Ken Scott produced some of my all-time favorite albums, yet (I am embarrassed to admit), I did not realize it until after reading Abbey Road to Ziggy Stardust. For some reason certain producers are nearly as famous as the artists they worked with. Sir George Martin with The Beatles is one example, Roy Thomas Baker with Queen is another. Among the many classics Ken Scott manned the booth for are Supertramp’s Crime of the Century, and as the title mentions, David Bowie’s Ziggy Stardust.
In his new autobiography, Mr. Scott walks us through his remarkable career, and provides some amazing insights into what goes into the actual production of a record. He began at EMI Studios, which were renamed Abbey Road Studios after The Beatles’ album made it so famous. His first job was the studio equivalent of the mailroom, in the tape library. It was 1964, he was 17, and Beatlemania was in full bloom. He was as starstruck as anyone he says, and almost blew it with a couple of gaffes, but managed to hang on.
From the tape library, where he literally logged tapes all day long, he moved up to “button-pusher,” worked on cutting masters, then into engineering, and finally made the jump to producer. It is a fascinating primer of how a man methodically worked his way through the ranks inside the hallowed studio halls. I have read a lot of music-related books, but never anything that brought you this close to the actual process of creating an album.
Along the way he became a trusted collaborator, and went from being a fan, to actually working with The Beatles, both as a group, and on some of their later solo albums. It is an intriguing story, as are the variety of groups he worked with over the years. His final work at EMI was as engineer of The White Album. In 1968 he was let go when a new manager by the name of Alan Stagge decided to make something of a clean sweep and bring in new blood.
Trident Studios was a relatively new London studio, and that is where he went. One of his first projects there was to mix John Lennon’s “Give Peace A Chance” single. And although George Harrison and Phil Spector were credited as producers of George’s All Things Must Pass, Scott spent a great deal of time working with Harrison, as Spector was M.I.A.
As it turned out, Ken Scott’s first “official” job as a producer was the Hunky Dory album by David Bowie. From there things really took off. He continued working with Bowie, doing Ziggy Stardust, Aladdin Sane, and Pinups.
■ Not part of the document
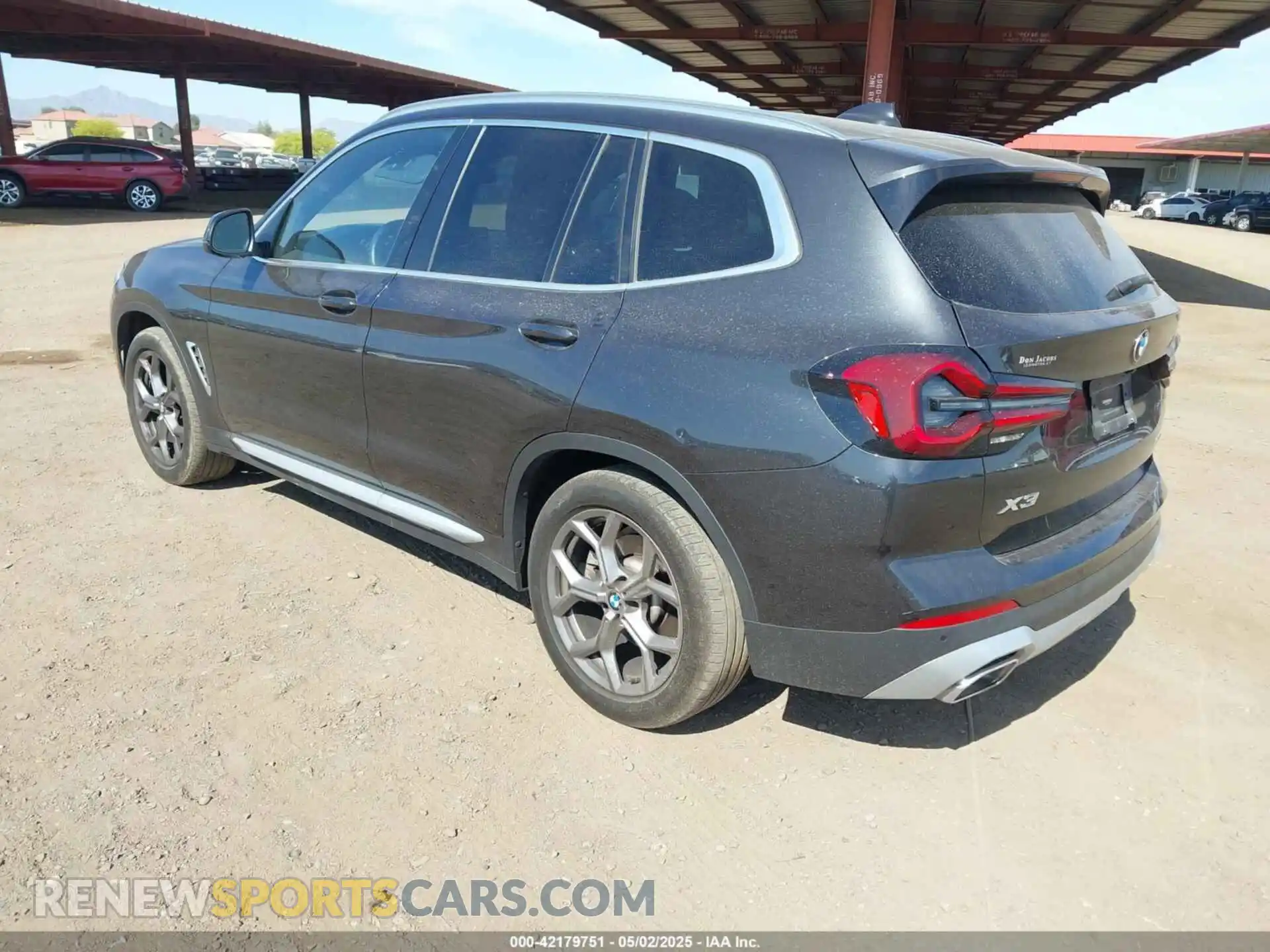3 Photograph of a damaged car WBX57DP09NN169817 BMW X3 2022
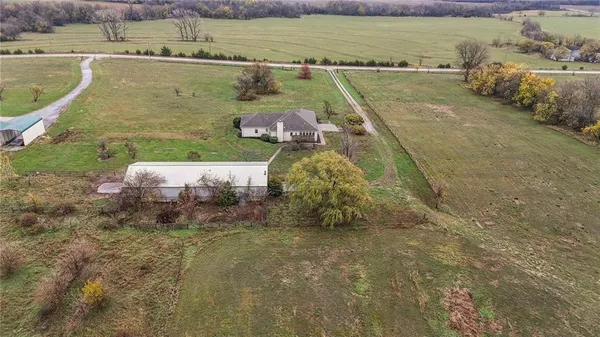 $995,000 | 33270 Switzer Road, Paola, KS 66071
He would go on to work with Elton John, Supertramp, The Mahavishnu Orchestra, The Tubes, and Devo, among many others.
What makes the book so enjoyable are Ken Scott’s in-depth discussions of what went down in the studio during many of these sessions. This is no dry, techno-speak producer’s manual. It is most definitely written for music fans who might enjoy some little-known facts about these famous artists and albums.
One thing that wowed me a bit has to do with The Tubes. The Real Gone label has just issued their second and third albums on a single CD. They are Young and Rich and Now, respectively. In my review, I mentioned how superior I felt Young and Rich was, and never noticed that the producer was Mr. Ken Scott. In fact, he wrote technical notes which I completely ignored, but were a total hoax. He made up the name Kincade Instruments Low Level (KILL) amplifiers for one thing, and got letters from aspiring musicians looking for Kincade amps.
His most salient point answers a question I have long had, specifically “What happened to The Tubes?” In Ken’s opinion, they listened to their record company, and lost a lot of the edge they had shown to such great effect earlier. Unfortunately, he only worked with them on the Young and Rich album, which just happens to be my favorite Tubes album.
From producer to manager was the next step, with Missing Persons. While they are now remembered as one of those one-hit New Wave wonders, there was a lot of potential. The band featured drummer Terry Bozzio, guitarist Wayne Cuccurullo, and bassist Patrick O’Hearn, all of whom played in Frank Zappa’s crack late-seventies band. Once they became famous, (thanks to those fish-bowl bras Terry’s wife Dale wore in their videos), the egos exploded, and their career imploded.
Today, Ken Scott is working in various digital projects, along with old friends such as Billy Cobham, Woody Woodmanson, and (with fences mended) Terry Bozzio, among others. Abbey Road to Ziggy Stardust is quite a ride, and Ken Scott’s stories provide a wonderful window into a world the rest of us will never know. The most poignant moment for me comes near the end of the book, when he was working with George Harrison on the remastering of All Things Must Pass. George was very sick, and Ken was there the day he left his beloved Friar Park for the last time. Ken says that Harrison walked throughout the house, looking in each room long enough to take a “mental picture,” as if he knew he would not be coming back.
It is moments like those, which transcend the producer/client relationship that make this book so special. It is really quite a read, and all of the stories are offered with a “How did I get so lucky?” type of humility which I am sure is what endeared him to so many artists over the years. I believe that anyone who enjoys peeking behind the curtain at some of the greatest rock and jazz musicians of the past 40 years will enjoy this book as much as I did.